O que é previdência privada?

Um plano de previdência é um tipo de investimento em que você planeja a sua própria aposentadoria. O “complicado” de entender são as suas diversas características, já que ela  pode ser VGBL, PGBL, a tributação pode ser progressiva ou regressiva, a modalidade pode ser de renda fixa, multimercado ou renda variável. Ela pode ser resumida em um pacote de  serviços e soluções, que são:

  • Gestão de investimentos;
  • Planejamento financeiro;
  • Planejamento tributário. 

PGBL X VGBL

Ao investir na previdência privada, é necessário escolher entre estes dois produtos: 

  • Plano Gerador de Benefício Livre (PGBL);
  • Vida Geradora de Benefício Livre (VGBL)

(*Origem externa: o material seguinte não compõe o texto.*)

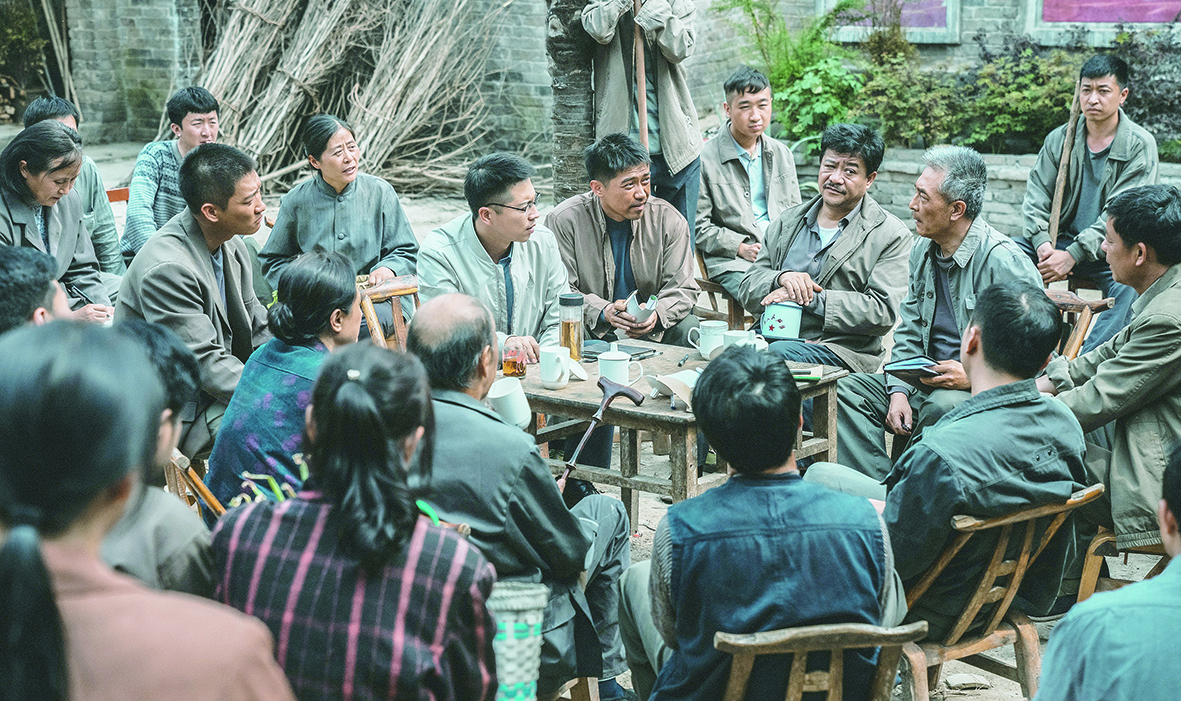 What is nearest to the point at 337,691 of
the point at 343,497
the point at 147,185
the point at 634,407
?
the point at 343,497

A vantagem do PGBL está no benefício fiscal do Imposto de Renda, já que você pode abater até 12% da sua renda bruta anual. Por exemplo:

Sua renda bruta foi de R$ 100.000,00. Se você pode abater até 12% deste valor, ou seja, o Imposto de Renda irá incidir sobre R$ 88.000,00. Sendo assim, se você investir até R$ 12.000,00 do que você ganhou no seu plano PGBL e informar no ato da declaração do Imposto, este valor será deduzido da base de cálculo do IR. 

Já o resgate do valor investido no plano PGBL será incidido sobre o valor total pelo Imposto e não sobre a rentabilidade. Ficou confuso? Resumindo, o modelo PGBL é indicado para quem faz declaração completa do IR. 

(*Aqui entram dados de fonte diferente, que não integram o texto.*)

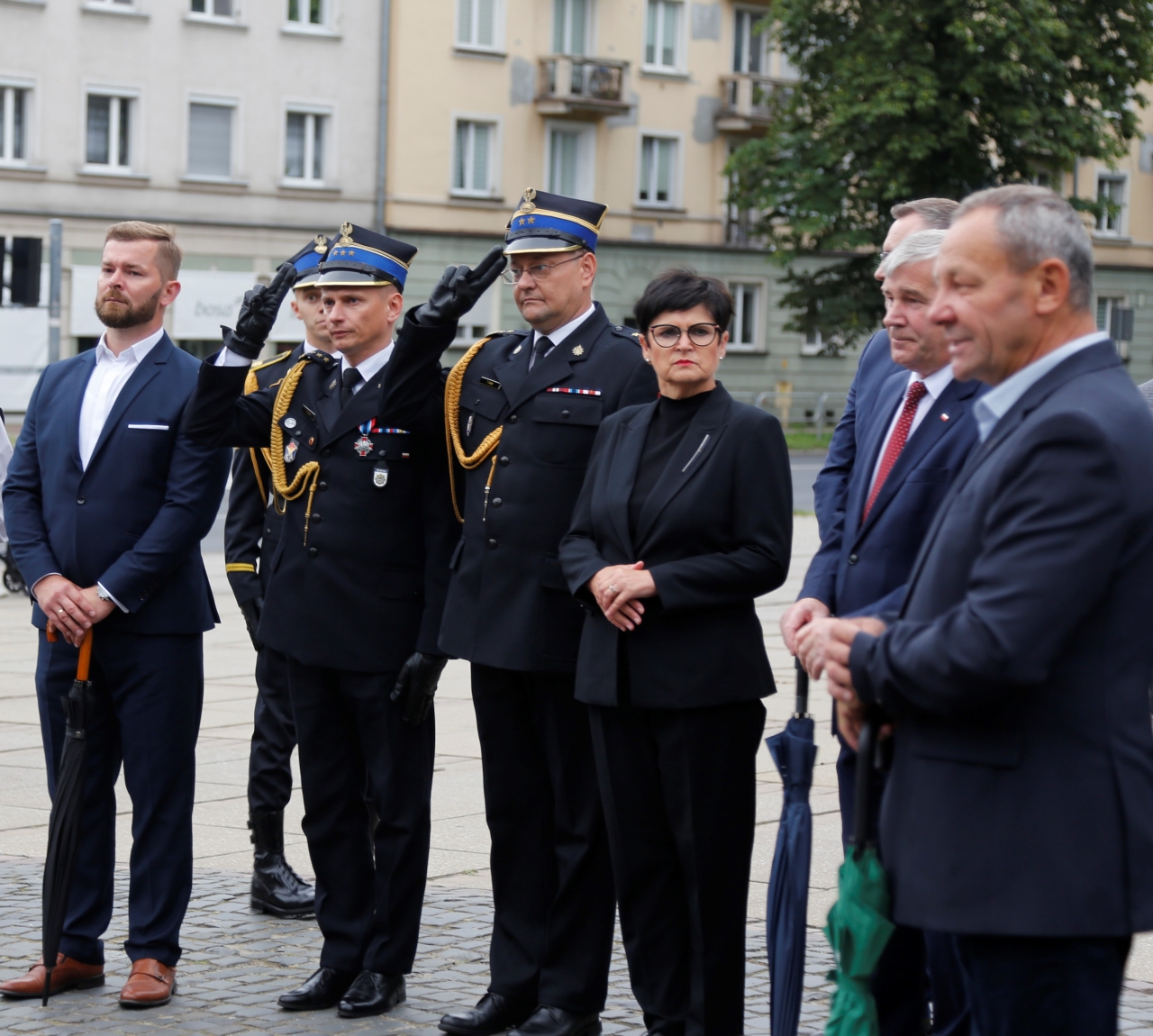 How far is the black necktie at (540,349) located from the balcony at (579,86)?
3705 centimetres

VGBL é indicado para quem faz a declaração simplificada do Imposto de Renda ou não declara. Além disso, nesta modalidade, ele incidirá apenas sobre o rendimento, ao contrário do PGBL. Então, se você quer investir mais de 12% da sua renda bruta anual em previdência, o aconselhável é que você invista este valor no Plano Gerador de Benefício Livre para que tenha este benefício fiscal e o restante da renda bruta investir em VGBL, por causa do IR que será cobrado apenas sobre o rendimento. 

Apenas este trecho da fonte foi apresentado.